17 December 1974 — Montana Standard — “More Women at the Law School”
“Women may be greatly outnumbered at the University of Montana law school, but it’s not as lonely as it once was.
Two Montana attorneys separately recalled being the only female law student during part of their time at UM. Each told of spending a lot of time studying on the couch in the ladies’ room.
It would take an enlarged ladies’ room and several more davenports to hold the women attending the law school today.
Twenty-six women out of a total enrollment of 206 students are attending the UM law school this year.
The first woman [Bernice Selfridge] graduated from the UM law school in 1914, its third year of operation. A few others graduated every few years, and by 1961, a law school history noted that 28 women had received UM law degrees, a tiny fraction of the number of men graduating.
More women have been admitted to law school in recent years.
During the 1973-74 school year, 19 women — two seniors, eight juniors and nine freshman — were among the 185 students enrolled in UM’s law school. That comes out to 10.2 per cent women, somewhat below the national average of 15.8 per cent in law schools approved by the American Bar Association (ABA) in 1973-74 but about in line with law schools in neighboring states.

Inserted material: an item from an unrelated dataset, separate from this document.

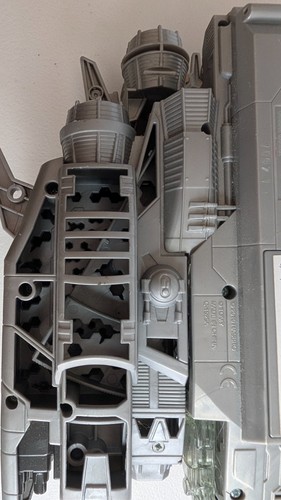 Transformers dark moon - dark,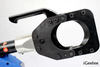 Battery Cable Cutter BZ-85 for Φ85mm Cu/Al Cable And Armoured Cable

Wyoming (11.3 percent women) and North Dakota (10.9 per cent) both topped the UM law school, but UM finished ahead of law schools at South Dakota (9.6 per cent), Idaho (9.3 per cent) and Gonzaga (5.2 per cent)
Law schools at the Universities of Washington (24.6 per cent), Colorado (20.8 per cent) and Oregon (20 per cent) were ahead of the national average of women students.
Assistant UM Dean Sandra R. Muckelston said nine women were admitted to the freshman class this year out of the 20 or 25 women who applied.”
by Charles S. Johnson and Charles E. Hood Jr.
11 April 1976 — Independent Record — “Law caucus gets grant”
“The Woman’s Law Caucus, a branch of the Student Bar Association at the University of Montana in Missoula, has been awarded a $150 grant by the Law Student Division of the American Bar Association to finance the Women’s Law Caucus Counseling and Recruitment Program.
Diane Rotering, Clancy, a second-year law student at UM, who is project director, said the primary goal of the recruitment program is to encourage and promote increased enrollment of women in the University of Montana Law School.
Pamphlets featuring the UM Law School will be mailed to high school, junior colleges and universities within Montana. The material will include an explanation of what must be done to apply to law school, a list of opportunities to women attorneys.
There are now 30 women students at the UM Law School out of a total enrollment of 214, and seven women will gradaute from the Law School this year.”